Poi, catturammo tre killer in flagranza di un altro efferato delitto e uno di loro, Vincenzo Sinagra si pentì raccontando la dinamica e motivazioni dell’omicidio Giaccone. Ma occorre fare un passo indietro. Il giorno di Natale del 1981 a Bagheria fu compiuta una strage, chiamata per l’appunto “Strage di Natale”.

Io c’ero, e tutti quanti fummo interessati a scoprire gli autori. Un giorno una volante della Polizia, nel corso di un controllo di routine a Brancaccio, ferma un auto con a bordo Giuseppe Marchese, cognato di Leoluca Bagarella. Il giovane viene condotto alla Squadra mobile per accertamenti e nel frattempo giunge al centralino della Questura una telefonata anonima, con la quale si indicava che Giuseppe Marchese era uno degli autori della strage di Bagheria.

In effetti, le impronte rinvenute su un’auto usata e abbandonata dei killer risultarono poi essere di Giuseppe Marchese. La perizia fu condotta dal massimo esperto di medicina legale professore Paolo Giaccone, consulente del Palazzo di giustizia di Palermo. Il professore Giaccone non si fece condizionare dalle minacce mafiose e scrisse che le impronte appartenevano proprio a Giuseppe “Pino” Marchese: quest’ultimo nel 1993 divenne collaboratore di giustizia e proprio io condussi gli interrogatori insieme ai PM palermitani.

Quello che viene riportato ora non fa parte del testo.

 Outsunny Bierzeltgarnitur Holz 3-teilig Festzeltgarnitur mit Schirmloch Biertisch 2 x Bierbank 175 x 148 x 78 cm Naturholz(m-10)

Ho voluto ricordare questo passaggio, per far comprendere come questo Paese sia ingrato verso i familiari vittime di mafia. Nella mia Palermo in tanti, per aver dimostrato alto senso dell’onore, hanno perso la vita, il professore Giaccone è un esempio.

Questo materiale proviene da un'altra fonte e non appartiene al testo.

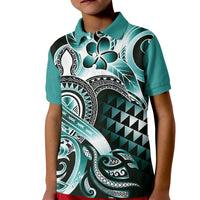 Aloha Turquoise Tribal Honu Tattoo Kid Polo Shirt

Tuttavia, pensando alla situazione di sua figlia Milly Giaccone, mi sorgono seri dubbi, ovvero ha avuto ragione il professore Giaccone a donare la sua vita per questo Stato?

Ha avuto ragione un altro medico, il ras della sanità a Palermo Michele Aiello, arrestato per mafia? Hanno avuto ragione Cassarà, Zucchetto, Boris Giuliano, Montana, Mondo, Antiochia a farsi trucidare per degli ideali, o hanno avuto ragione i colleghi “traditori”.

Non ho più parole, se non per dire a Milly Giaccone che le sono vicino.